Every relationship has multiple aspects, and they will differ depending on the type of relationship, the intensity, and more, but we are finding that integrity is more critical than ever.
There are four things that many of the others fall under without which a relationship simply cannot sustain itself, and that – for me – help define integrity. This is true for ALL relationships – it doesn’t matter if this is business, marriage, friendship, or even family! Without all four foundations a relationship will fail, sooner or later.
Learn to apply these in every aspect of your life and you’ll see a difference. All of them are vital, but the last is the most critical – and the most often missing – because the rest all depend upon it.
So what are they?
A Form of Love or Respect – a Basis
All relationships have to be based on something, to have a heart, and you cannot even have a simple business relationship or partnership if you don’t respect the other in the relationship – or if they don’t respect you. With closer relationships, there may also be fondness, deep regard, or love – but if you don’t even have basic respect for someone, why do you have a relationship with them? And how long do you think that will last?

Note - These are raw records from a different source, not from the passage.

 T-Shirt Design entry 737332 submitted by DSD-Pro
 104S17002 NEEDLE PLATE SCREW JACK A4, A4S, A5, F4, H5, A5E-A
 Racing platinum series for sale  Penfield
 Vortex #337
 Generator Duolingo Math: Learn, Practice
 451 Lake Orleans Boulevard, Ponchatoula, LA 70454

Being honest to yourself and others is vital for a relationship’s stability. This doesn’t necessarily mean telling everything without diplomacy, but it means not misleading others, being direct where it’s needed; having transparency where required, being deserving of trust. If you are not honest, trust will quickly evaporate and the relationship will fail. People don’t want to marry or do business with dishonest people. It’s an old cliché, but it’s actually true: Honesty IS the best policy in relationship terms, because it signifies respect or love, and it is both justified by and inspires trust.

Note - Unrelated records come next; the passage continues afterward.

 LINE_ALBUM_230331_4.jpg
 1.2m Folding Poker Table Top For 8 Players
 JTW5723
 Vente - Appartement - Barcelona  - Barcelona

Hand in hand with honesty goes trust. Trust is vital – sustainable, beneficial relationships are mutual, with give and take. How can you do either if you cannot trust the other person? Trust is a concept that is both active and passive. People feel they have to earn trust, but also you should, unless given a specific reason not to, trust someone you respect and have formed a relationship with on a mutual basis of respect. This is a part of risk and reward, and justification for honesty. If you trust someone, respect someone, and you’re both honest, you will collaborate optimally in whatever you do.

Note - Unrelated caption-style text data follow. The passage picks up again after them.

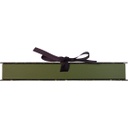 DUSKY BERRY reglet 06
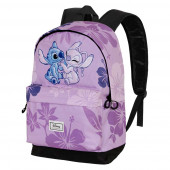 Wholesale Distributor FAN HS Backpack 2.0 Lilo and Stitch Stitch & Angel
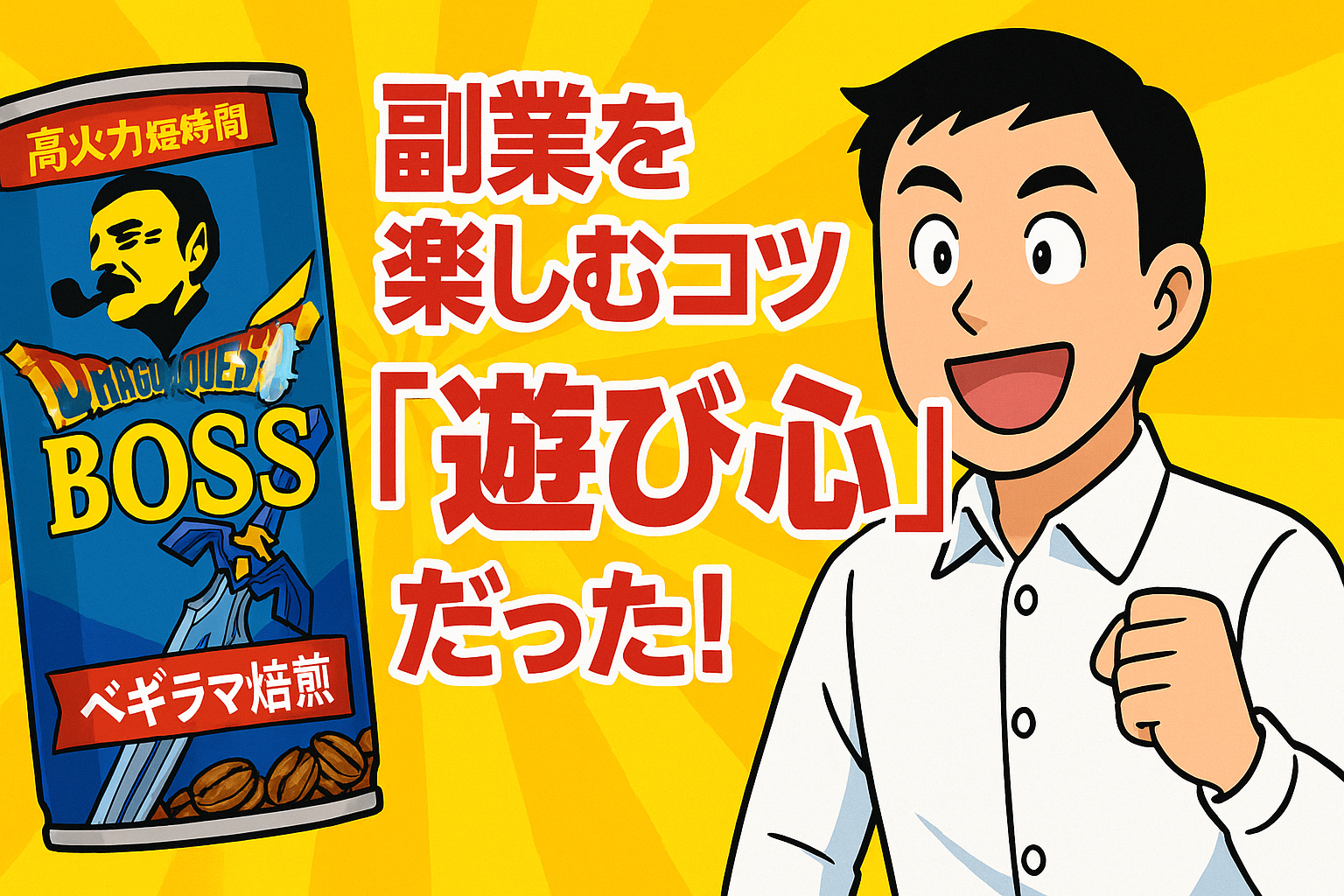 user uploaded photo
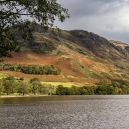 Lake Buttermere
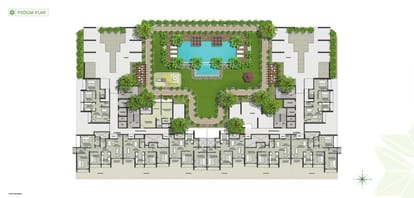 Balaji Vista Brochure Image 8
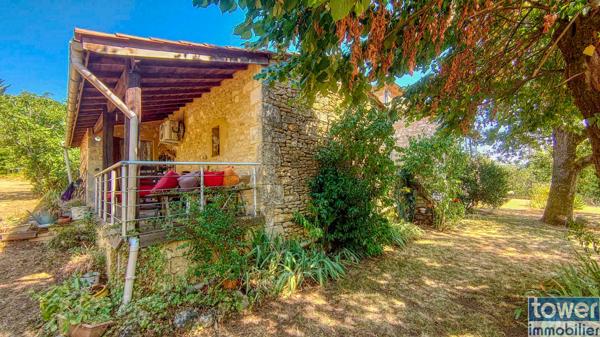 Propriete
                                                                                                                                                                                                                                                                                                                        6 pièce(s)                                                                                                                                                                                                          4 chambre(s)                                                                                                                                                                                                          150  m²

So, what is the fourth? This most critical of all?
The basis of everything we do together?
Without communication, you cannot express respect, love, honesty, trust, teaching, learning, feedback, a multitude of other things. And yet, communication is where we most often fail; in business, in marriage, in friendship, in family. The importance of clear, mutual communication based on respect, trust and honesty cannot be understated. It is the principle foundation upon which all relationships are constructed, and upon which the other foundations depend. It’s also the least clear, because individuality, context, assumption, mental patterns and traditions, and much more that I speak of in other articles and posts skews it, so we are very often communicating together on different levels even when we want to be aligned.
No wonder mistakes are made so often! Communication is probably the most crucial to understand or fix before any others. It’s quite literally how you interface with all other humans, and will define how a relationship works. True communication is also based on discourse, not one-way instruction, which is easier – and modern management has fallen into a very tempting pattern of dictation and expectation as a result. For ideas on learning to listen and accept other communication, have a read of 3 Things You Can Do To Immediately Enhance Your Leadership.
So, these are (for want of a better title!) Chris’s Four Foundations of Sustainable Relationships. It doesn’t matter who we are – base a relationship upon these principles, and it has a good chance of being extremely mutually rewarding. Miss one, and it’s likely to fail.